Sind grundsätzliche Dinge geregelt, geht es an die Planung und Umsetzung der Nachfolgeregelung. Hier hilft, wie auch bei allen anderen Schritten, das IHK-Praxishandbuch Unternehmensnachfolge.

„Wir als IHK möchten im Verbund mit vielen anderen Institutionen und Partnern für das Thema der rechtzeitigen Nachfolgeregelung in der Region sensibilisieren und motivieren, es rechtzeitig anzugehen“, sagt Pieck. Dies ist im Interesse des einzelnen Unternehmers, des einzelnen Nachfolgers, aber auch der gesamten Wirtschaftsregion und deren Nachhaltigkeit. Je eher, desto besser: Der Unternehmer hat mehr Zeit, eine Nachfolgerin oder einen Nachfolger zu finden und aufzubauen und seine Mitarbeiter in diesem Prozess mitzunehmen, sein Know-how und seinen Kundenstamm weiterzugeben und profitiert im Zweifelsfall von einer besseren Bewertung seines Betriebs durch die Bank.

Der potenzielle Nachfolger hat mehr Zeit, seinen Hut in den Ring zu werfen und vom Vorbesitzer eingearbeitet zu werden. ,,Gerade Fach- und Führungskräfte aus den eigenen Reihen denken oftmals noch gar nicht daran, dass auch sie die Übernehmenden sein können“, weiß Pieck aus Erfahrung.
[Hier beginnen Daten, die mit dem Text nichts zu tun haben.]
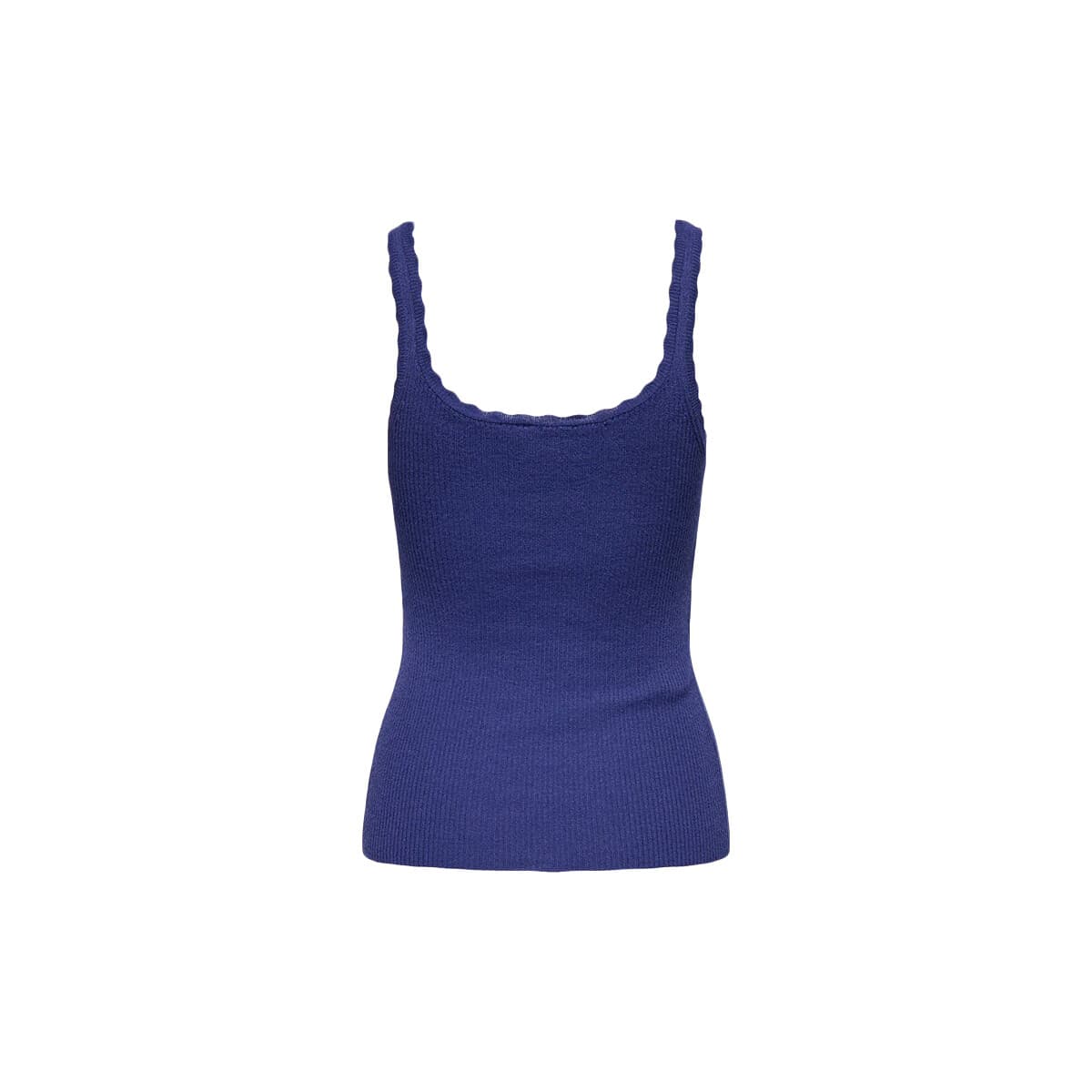 Women's T-Shirts Only Multicolor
Und letztendlich sichern erfolgreiche Übergaben der Region ihre wirtschaftliche Basis, den Unternehmensmitarbeitern ihre Arbeitsplätze und den Kommunen ihre Einnahmen aus der Gewerbesteuer. „Werden diese Unternehmen also nicht erfolgreich weitergeführt, haben wir alle ein Problem“, erläutert Pieck.